Use the Java Contactor to protect your business or personal assets. As the following Morningstar article recommends, protecting your passwords is a best practice to avoid identity theft. In addition to using complicated passwords, it is best to have a different password for each online site. Once you use the Java Contactor to save passwords in an encrypted (protected) database, you can click on the website from within the Java Contactor to go to the login page making your password protection strategy easy and safe.
“Also be careful with the passwords that you use, particularly on sites where you conduct transactions or provide personal financial information. Don’t use obvious passwords, such as the name of your spouse or pet, or your birthday; that makes it easy for identity thieves to guess at yours. Also don’t use the same password again and again. The hardest-to-hack passwords are gibberish or use a combination of numbers and letters.
Windows will ask you whether you want it to “remember” your passwords, and then it will populate the password field automatically.
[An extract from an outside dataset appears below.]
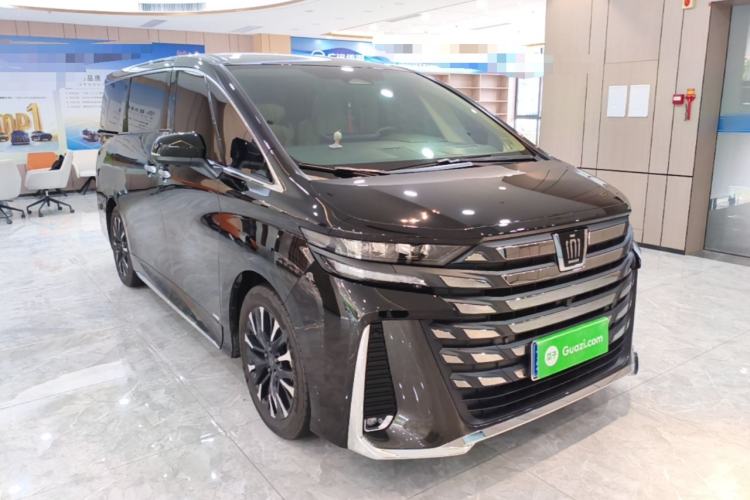 Used Toyota Vellfire 2024 Crown Dual-Engine 2.5L Supreme Executive Edition Front Right 45 Deg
That makes it a lot easier to surf online, but be careful when using this feature. Use it only when you’re on sites that don’t store sensitive information, such as your local newspaper’s site, rather than on sites where you actually execute business transactions. You can also shut off the Windows feature that asks you whether you want it to remember your passwords.
Using “password manager” software is another way to guard against phishing and other online scams. These programs store your user names and passwords and encrypt your information so it’s not accessible to hackers; however, these programs may not be able to handle some of the more complicated password formats that some banks require.
If you manage your various user names and passwords on your own, perhaps by maintaining a Microsoft Word or Excel document on your computer, take care to ensure that document’s safety. If your workstation doesn’t require a password to log on, take the step of password-protecting your document (Four Strategies for Avoiding Identity Theft, Morningstar.com).”